WHAT THE TASK REQUIRES. Reproduce the material below only from the line with "Causes of Cri-du-Chat" to the line with "Now I'm putting", both included, keeping each line exact and dropping the pictures.

GIVEN RECORDS.
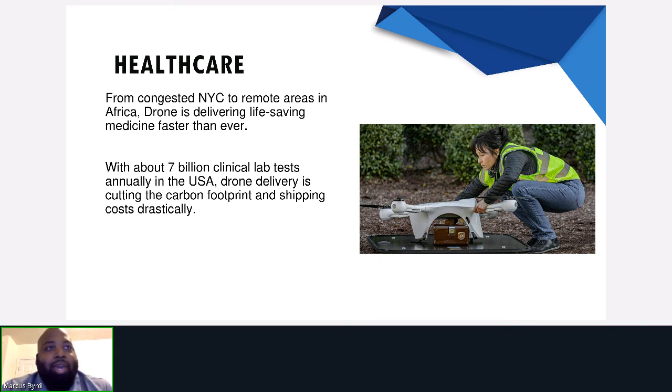Delivering needed medicine and retrieving critical lab results are more important than ever in our age of information. From congested New York City streets to remote areas in Africa, drones are already delivering life-saving medicine faster than ever. With about 7 billion clinical lab tests annually in the US alone, drones are already delivering over 123,000 of these lab results to testing facilities, and we are seeing a drastic reduction in the carbon footprint and shipping costs.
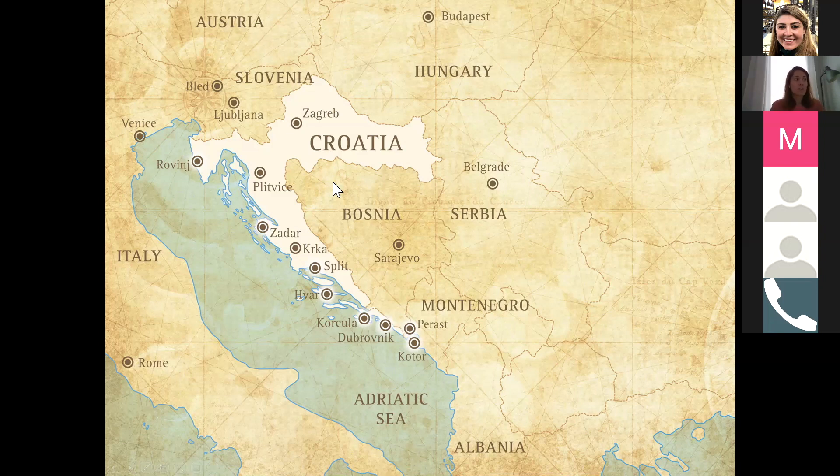Croatia is currently open to US travelers — I think it might be the only country right now in the European Union. They do require a negative test that is not older than 72 hours. It's a bit tricky with the timing, but just as an FYI in case you have a request from someone that really wants to go somewhere.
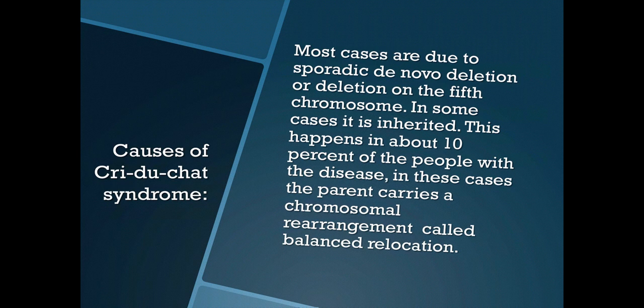Causes of Cri-du-Chat Syndrome: Most cases are due to sporadic de novo deletion on the 5th chromosome. In some cases, it is inherited. This happens in about 10% of the people with the disease. In these cases, the parent carries a chromosomal rearrangement called balanced translocation.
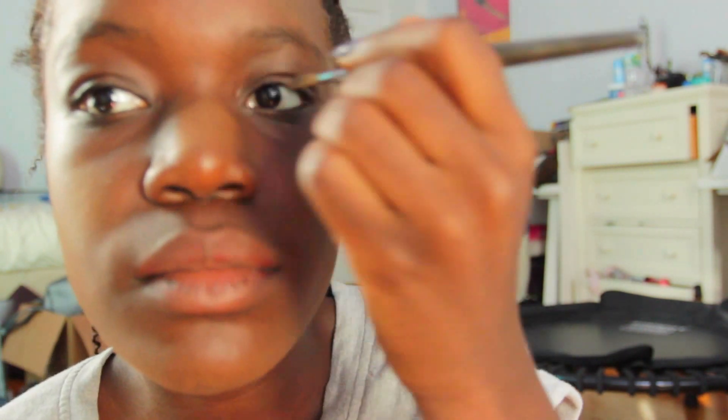Now I'm putting on my eyeshadow. I don't really want to put on a really light color for school, so I'm going with a color that's a little bit more my skin tone and I'm just going to put that all over my eyelids.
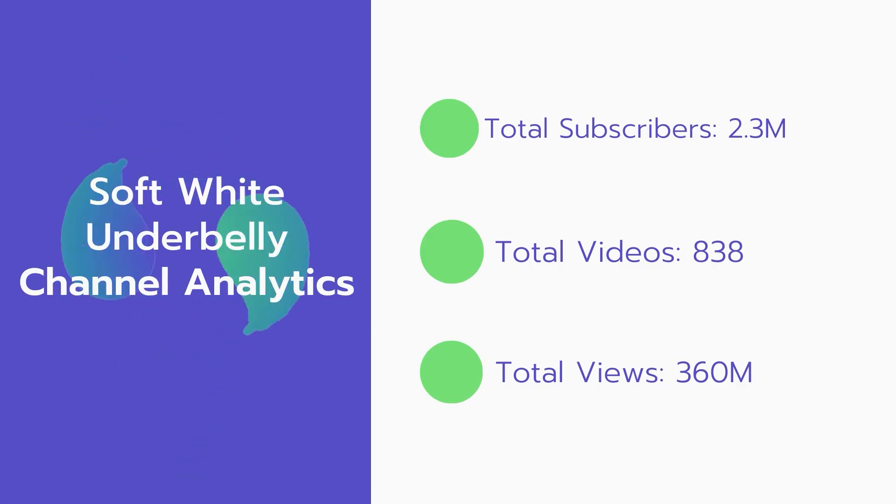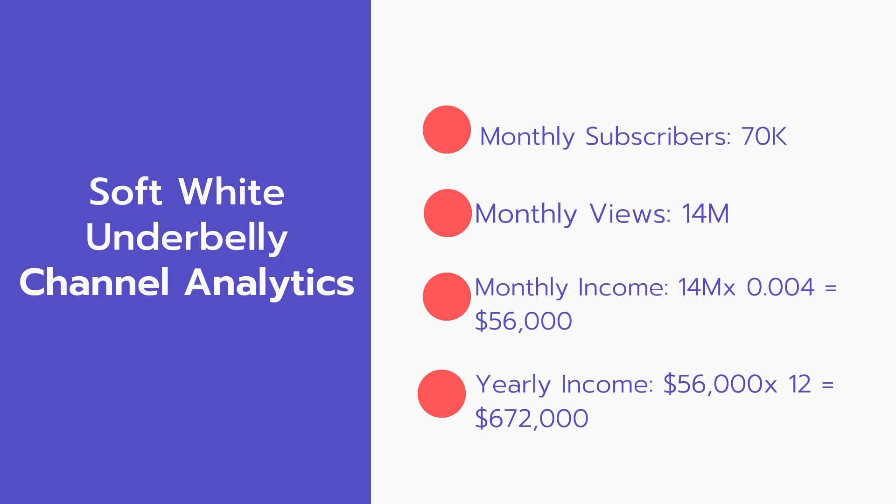Now let's go over Soft Wide Underbelly's channel analytics. Total subscribers: 2.3 million. Total videos: 838. Total views: 360 million. Monthly subscribers: 70,000 every month. Monthly views: 14 million.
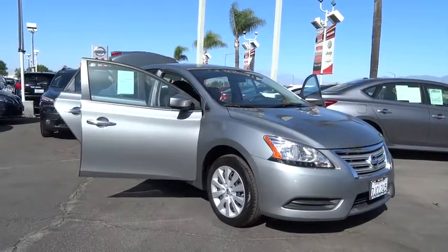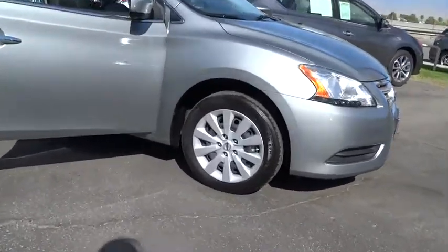This vehicle has less than 20,000 miles. Here are some of this vehicle's great options.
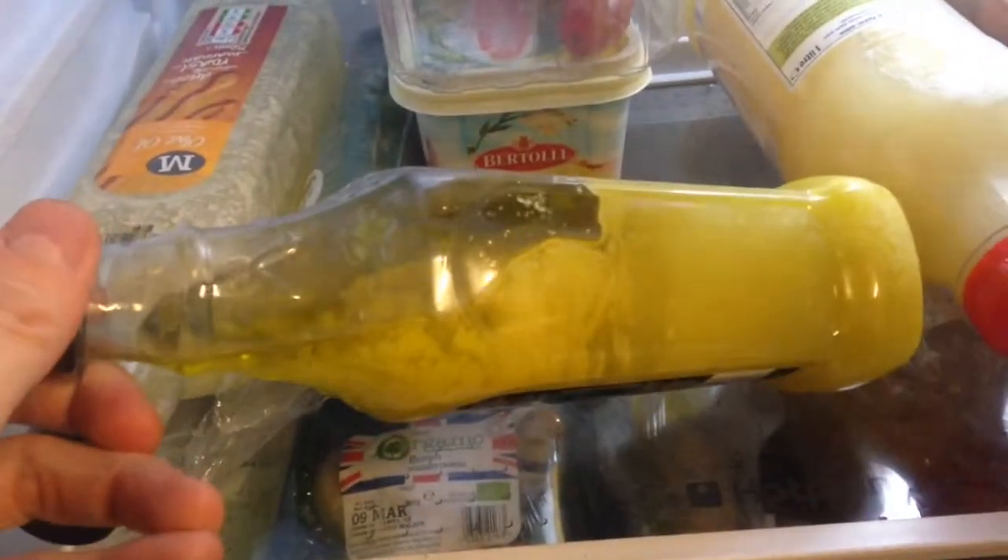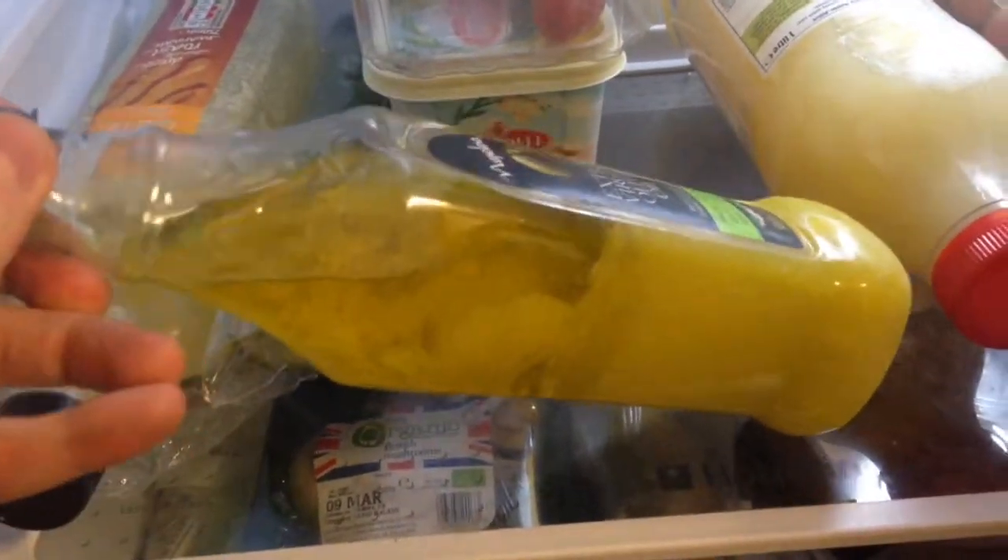That's just a cheap brand — I was quite pleased that it actually turned out to be olive oil. Let me show you another example. This is Napolina. You can see there that all the olive oil has solidified and gone down to the bottom of the jar.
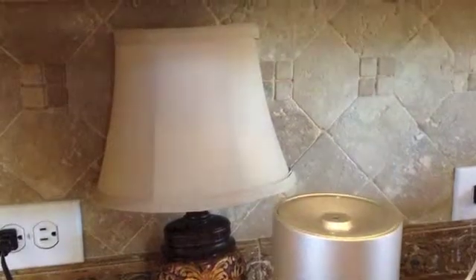But look at this. It's like a real fine mist. You can't feel it. You see it coming out?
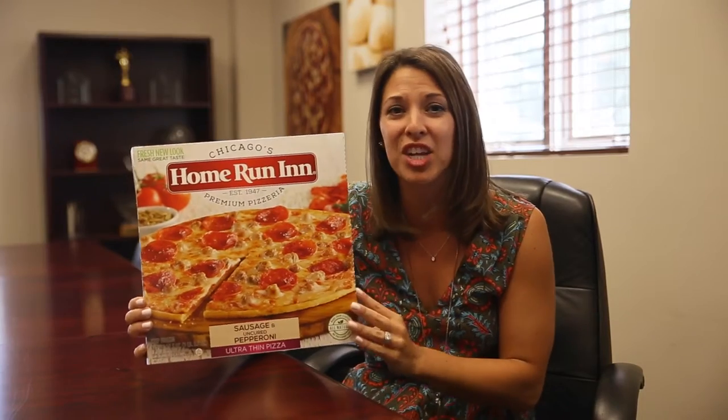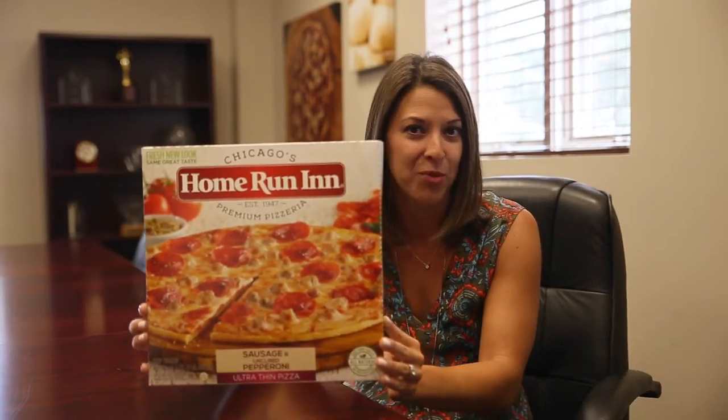I want to tell all our fans, if you can find our Homer and Inn box on the shelves and snap a picture of it, we'd love for you to hashtag Homer and Inn on social media and tell us what you think of our new box.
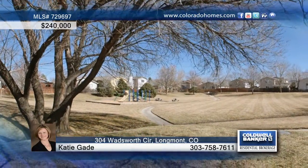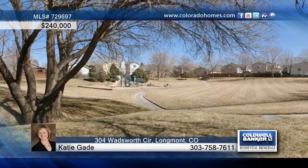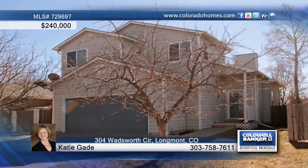The fenced backyard opens to the gorgeous neighborhood park. Call Katie Gade before this one gets away.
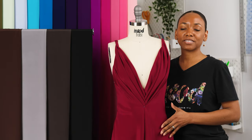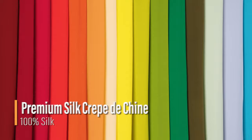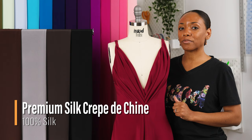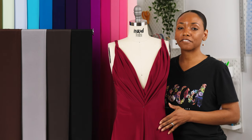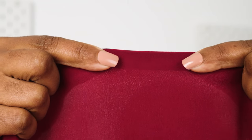Hello and welcome back to MoodFabrics.com. Here we are featuring our premium silk crepe de sheen. This opulent fabric features a soft, faintly grainy hand and it also has a beautifully fluid drape with no stretch.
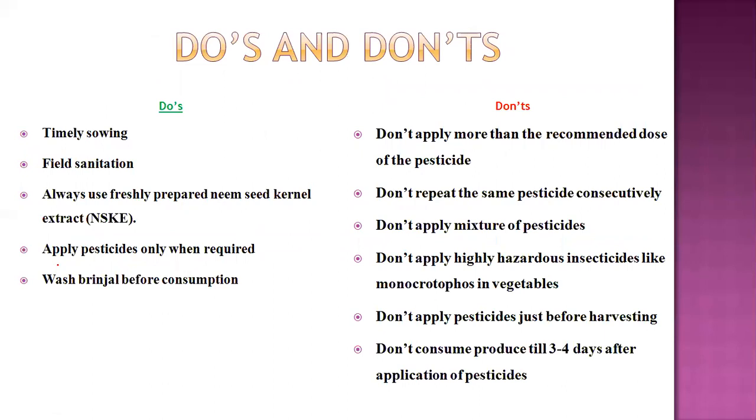Regarding do's and don'ts in IPM: always do timely sowing, field sanitation, and use freshly prepared neem seed kernel extract. Apply insecticide only when required — need-based, judicious pesticide use. Observe the pest and then decide to use pesticides. Before consuming brinjal, there should be a waiting period after pesticide application.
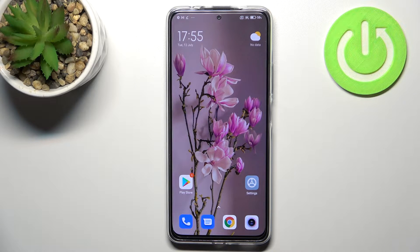Hi everyone. In front of me I've got the Redmi Note 11 Pro Plus, and let me share with you how to check the IMEI and serial number of this device. We've got two different ways to check those numbers — the first one requires a secret code and the second uses the settings. I'll show you both.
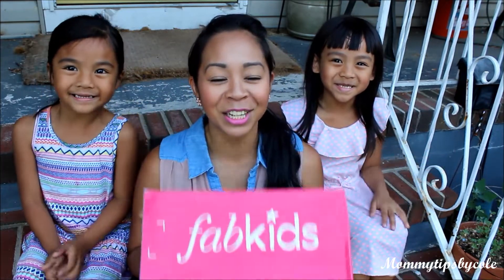Hi! Welcome back to Mommy's It's by Cole. Today I'm going to do another haul for FabKids! The girls are going to join me today to share our monthly unboxing of each outfit for Emmalyn, Malia, and Dylan, who are 6, 5, and 3 years old. If you're not familiar with FabKids, it is a website that has a monthly subscription service for kids clothing.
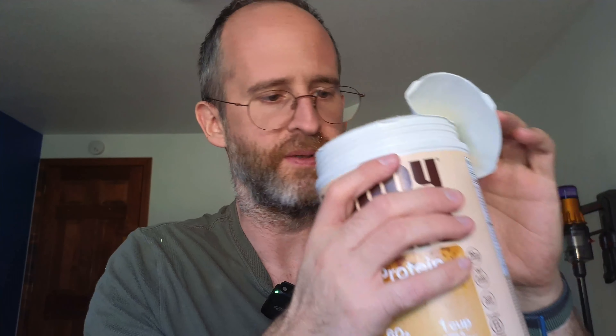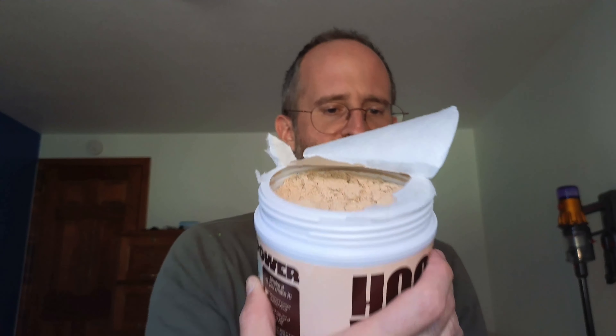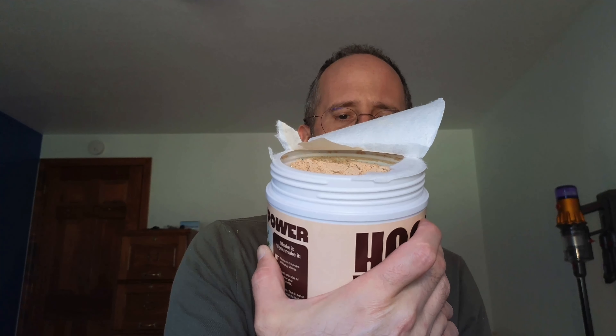It really does smell like coffee — it smells really good. It's packed full, and in servings it's got two scoops that are 160 calories per serving. I hope you enjoy this review.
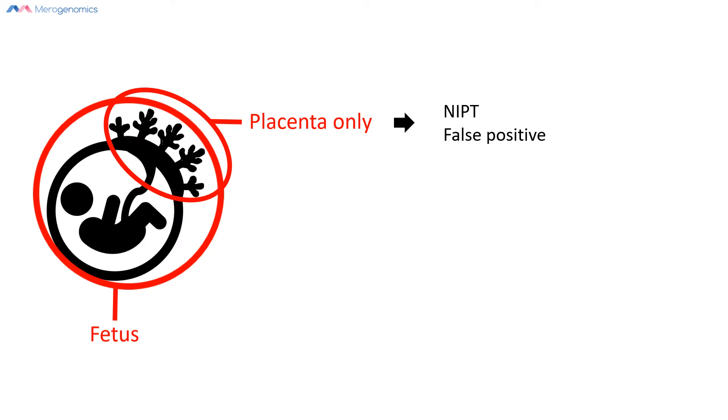There can be other reasons for false positives in the NIPT test, but this would be the predominant one. From detailed analysis, we know that false positives overall from all causes happen at approximately a 0.1% rate.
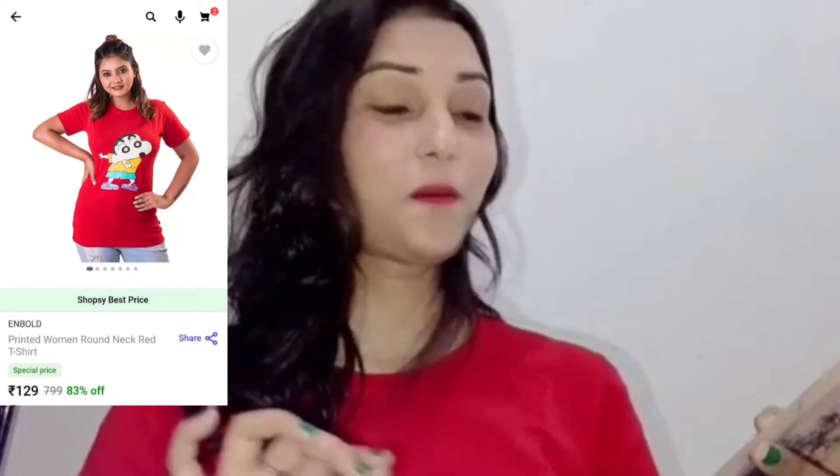So guys, basically the fifth product is a summer t-shirt. You can see this t-shirt I have ordered from Shopsy — it is very beautiful and comfortable, 100% cotton. The t-shirt cost is approximately 129 rupees. If you want to buy comfortable clothing for summer, you can purchase t-shirts from Shopsy.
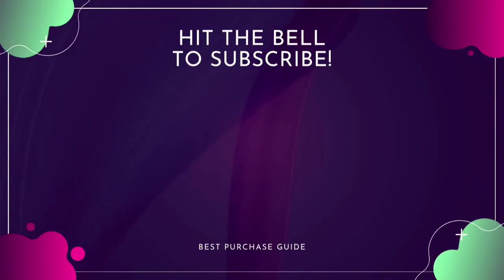Thanks for watching this video. Hope this guide will help you to make your decision easier. Don't forget to subscribe to our channel for more guides and special tips on your feed.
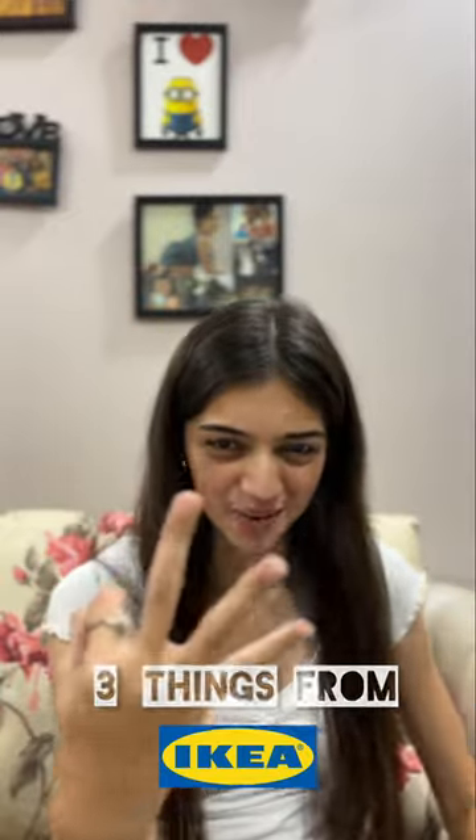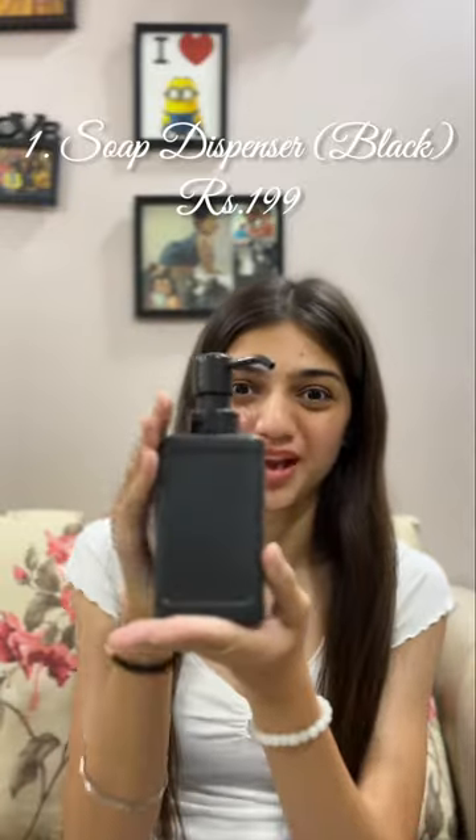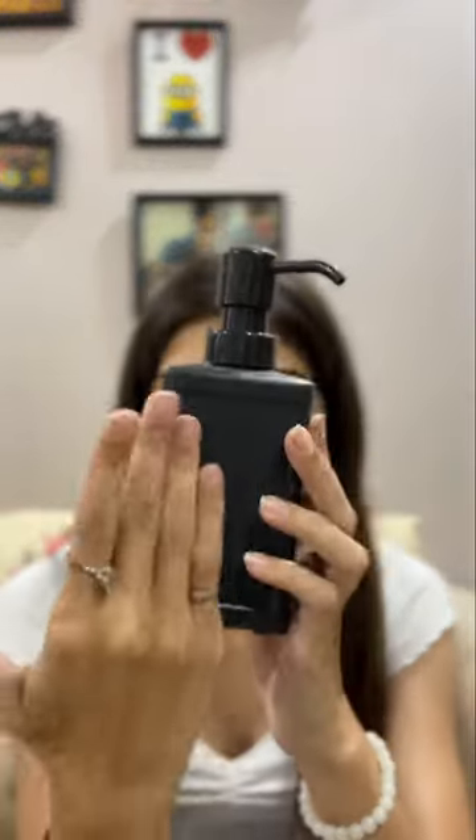I bought three things from IKEA. First, I got this soap dispenser — look at it! It is matte black, the texture is super nice, it is really good quality. The aesthetics of my bathroom are black and white, so this will go perfectly over there.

WRITTEN ANSWER.
Causes of Cri-du-Chat Syndrome: Most cases are due to sporadic de novo deletion on the 5th chromosome. In some cases, it is inherited. This happens in about 10% of the people with the disease. In these cases, the parent carries a chromosomal rearrangement called balanced translocation.
Now I'm putting on my eyeshadow. I don't really want to put on a really light color for school, so I'm going with a color that's a little bit more my skin tone and I'm just going to put that all over my eyelids.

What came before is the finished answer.